Data under study:
------------------------------------
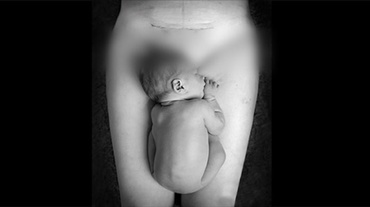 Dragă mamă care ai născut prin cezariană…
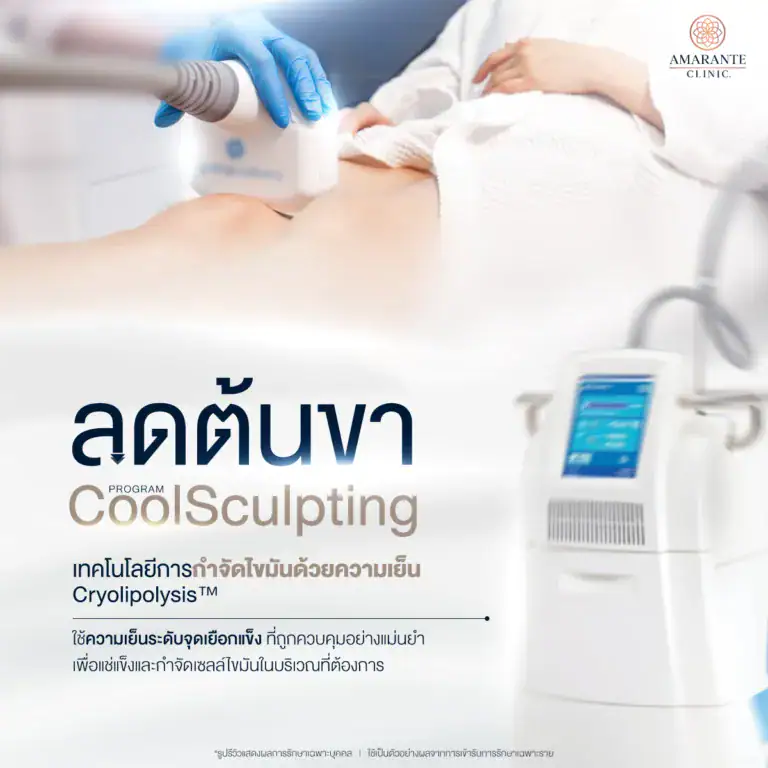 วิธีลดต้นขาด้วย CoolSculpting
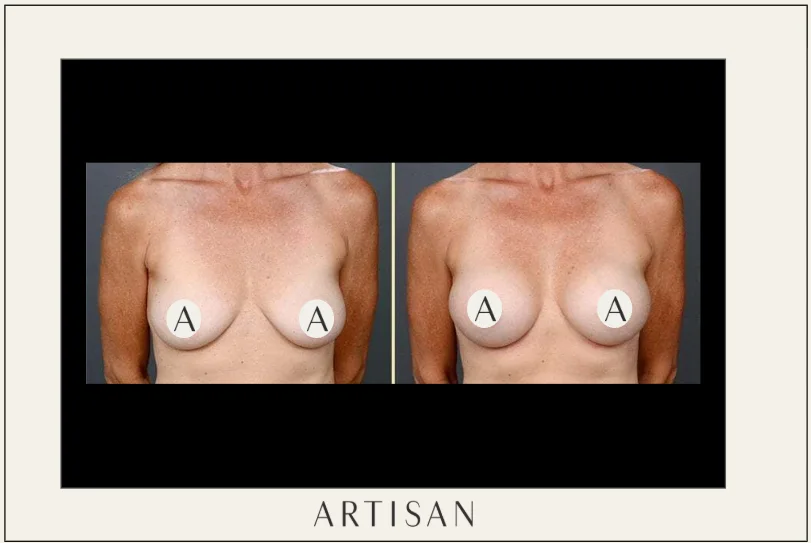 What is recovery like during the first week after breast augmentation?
------------------------------------
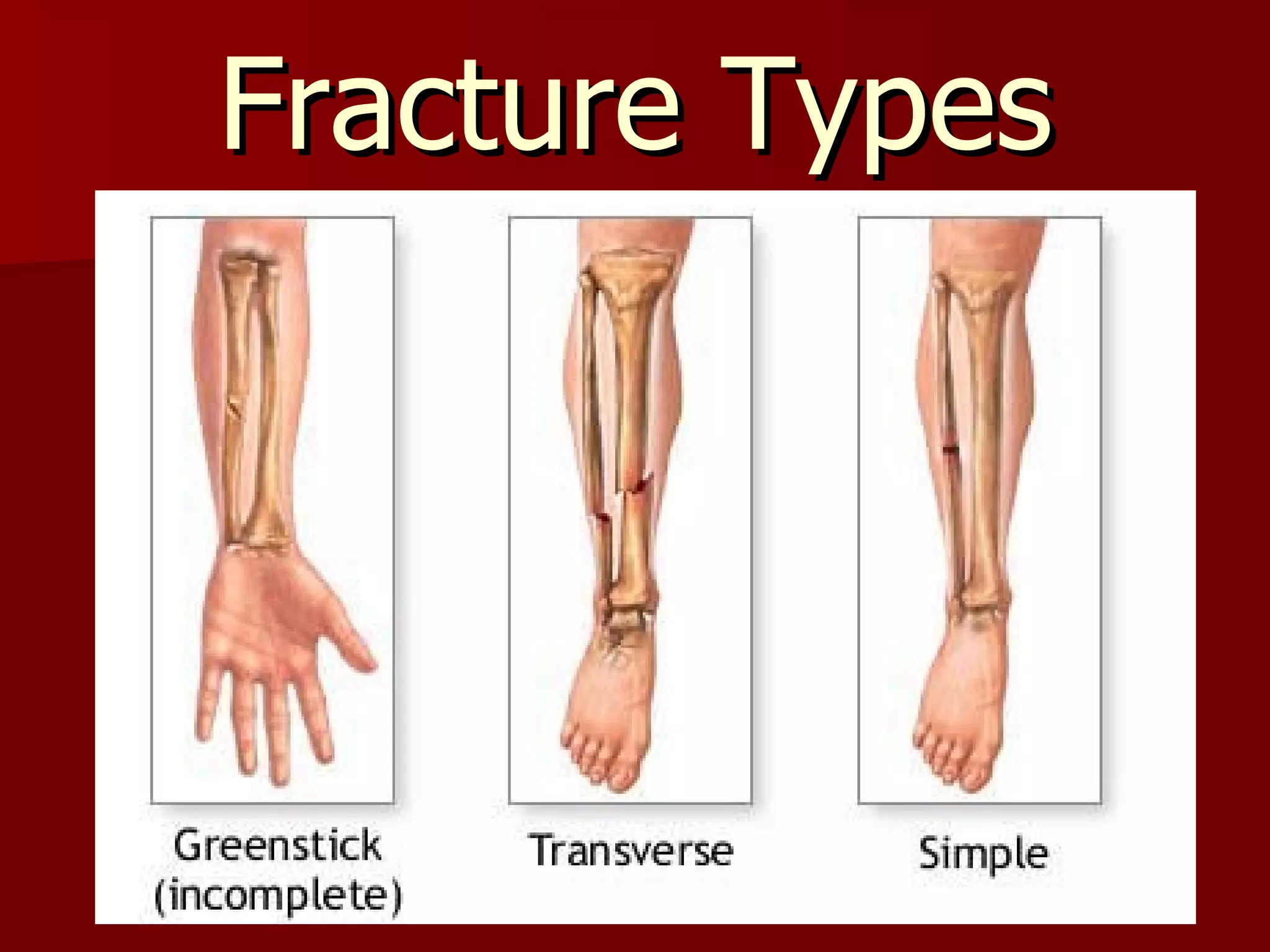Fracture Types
------------------------------------
About this task:
From the records above, quote word for word only the lines beginning at the line that has "วิธีลดต้นขาด้วย CoolSculpting" and stopping after the line that has "What is recovery". Omit the pictures.

Response to the task:
 วิธีลดต้นขาด้วย CoolSculpting
 What is recovery like during the first week after breast augmentation?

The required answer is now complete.